03. How It Works
Defining tools with JSON Schema
Every tool is defined by three things:
- Name. A unique identifier the model uses to refer to the tool (for example,
get_current_weather).
- Description. A plain-language explanation of what the tool does, when to use it, and any important constraints. The model reads this description to decide whether to call the tool. Poor descriptions lead to wrong or missed calls.
- Input schema. A JSON Schema object describing the parameters the function expects: their names, types, whether they are required, and any constraints (enums, ranges, formats).
Example tool definition:
{
"type": "function",
"name": "get_current_weather",
"description": "Get the current weather for a location. Call this when the user asks about current weather conditions.",
"parameters": {
"type": "object",
"properties": {
"location": {
"type": "string",
"description": "City name or coordinates, e.g. 'Tokyo' or '35.67,139.65'"
},
"units": {
"type": "string",
"enum": ["celsius", "fahrenheit"],
"description": "Temperature units"
}
},
"required": ["location"],
"additionalProperties": false
},
"strict": true
}
The strict: true flag (supported by OpenAI and others) enforces that the model's output exactly matches the schema, eliminating malformed calls.
The request/response loop
The full interaction follows these steps:
Step 1: Request with tools:
The application sends a message (or conversation history) to the LLM API along with the list of tool definitions. The model now knows what tools are available.

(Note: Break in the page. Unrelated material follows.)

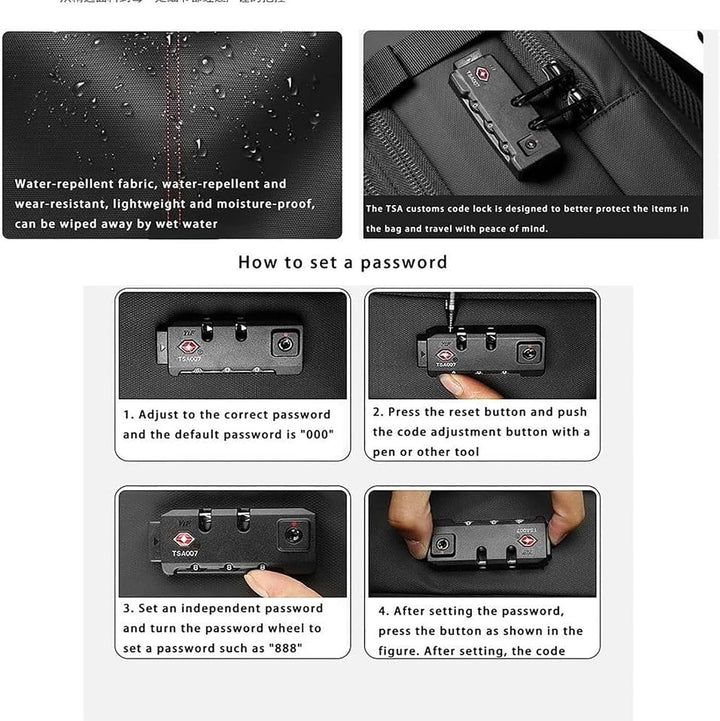 Anti-theft travel backpack, expandable & waterproof, featuring a convenient wet compartment.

Step 2: Tool call response:
If the model decides a tool is needed, its response contains a tool_calls array rather than (or in addition to) a text reply. Each entry in the array includes the tool name and the model's chosen argument values, encoded as a JSON string.
Step 3: Application executes the function:
The application parses the tool call, validates the arguments against the schema if needed, and runs the actual function (an API call, database query, calculation, file read, etc.). This execution happens entirely outside the model.
Step 4: Return the result:
The application appends the function output to the conversation with a role of tool (or function, depending on the provider), referencing the tool call ID so the model knows which call the result corresponds to.
Step 5: Final response:
The model receives the updated conversation including the tool result and generates its final text response, now grounded in real data.
This loop can repeat. If one tool result prompts the need for another tool call, the model can issue a second call before producing its final answer.
Parallel tool calls
Most modern providers support parallel tool calling: the model issues multiple tool calls in a single response turn rather than waiting for each result before requesting the next. This significantly reduces latency for tasks that require multiple independent pieces of information. A model asked to compare the weather in three cities can request all three weather lookups simultaneously.
Developers can disable parallel calls (setting parallel_tool_calls: false) when sequential execution is required for correctness or when downstream systems cannot handle concurrent requests.